# [EXERCISE DESCRIPTION]
Using the listing below, output only the lines from the one that contains "Great Hall at" through the one that contains "Somalia Map - Low", inclusive, exactly as given and without images.

# [GIVEN RECORDS]
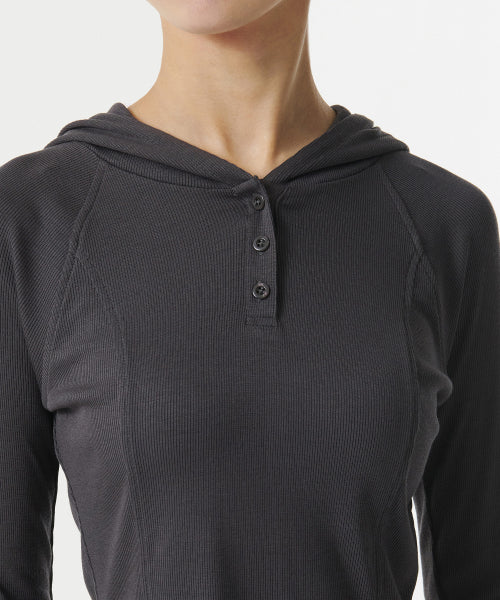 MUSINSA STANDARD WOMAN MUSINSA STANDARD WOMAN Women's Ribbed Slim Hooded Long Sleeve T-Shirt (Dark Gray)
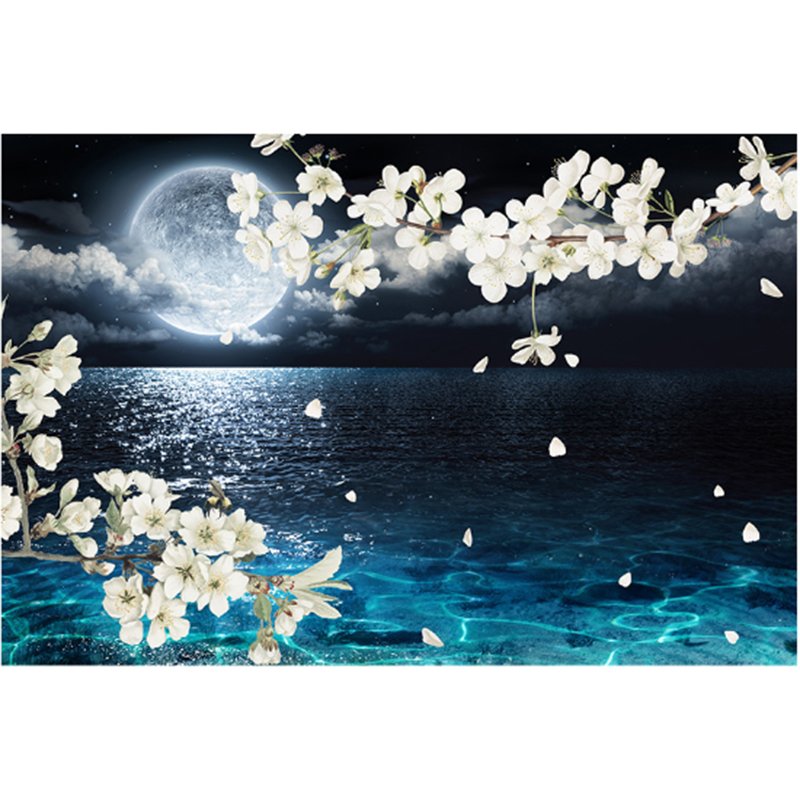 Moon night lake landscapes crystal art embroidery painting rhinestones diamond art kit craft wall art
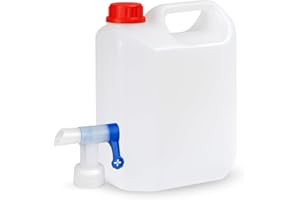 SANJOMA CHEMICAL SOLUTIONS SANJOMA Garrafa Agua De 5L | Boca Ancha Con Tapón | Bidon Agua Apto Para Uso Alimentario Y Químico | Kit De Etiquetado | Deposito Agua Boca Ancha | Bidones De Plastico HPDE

...

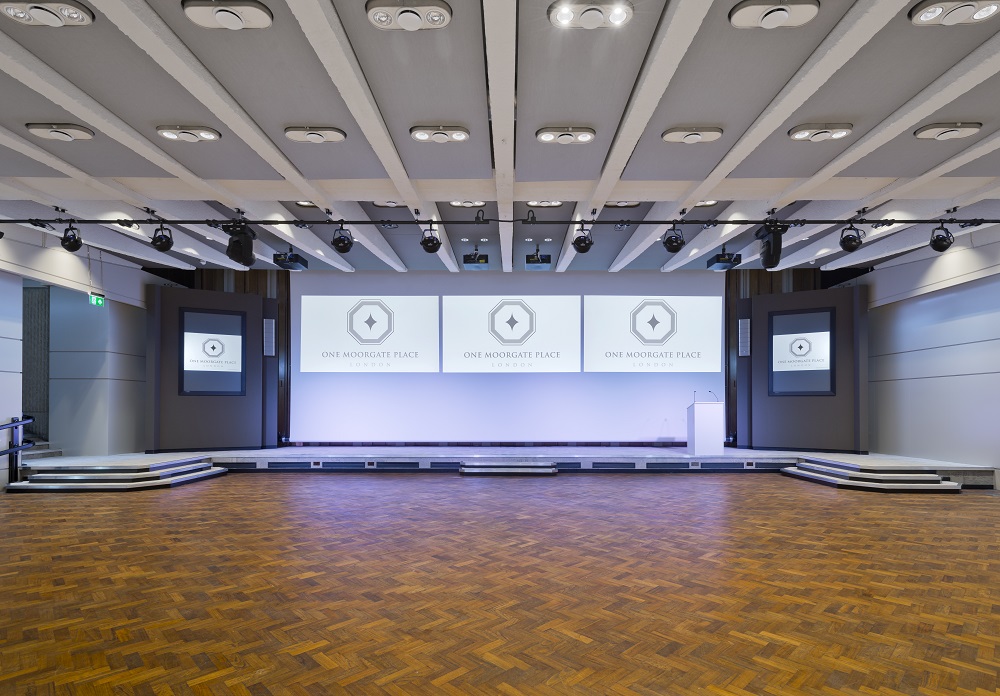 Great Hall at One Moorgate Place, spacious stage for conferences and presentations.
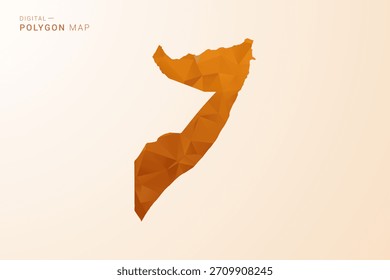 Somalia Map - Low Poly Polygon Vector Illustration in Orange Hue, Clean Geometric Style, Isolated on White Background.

# [ANSWER TO THIS TASK]
 Great Hall at One Moorgate Place, spacious stage for conferences and presentations.
 Somalia Map - Low Poly Polygon Vector Illustration in Orange Hue, Clean Geometric Style, Isolated on White Background.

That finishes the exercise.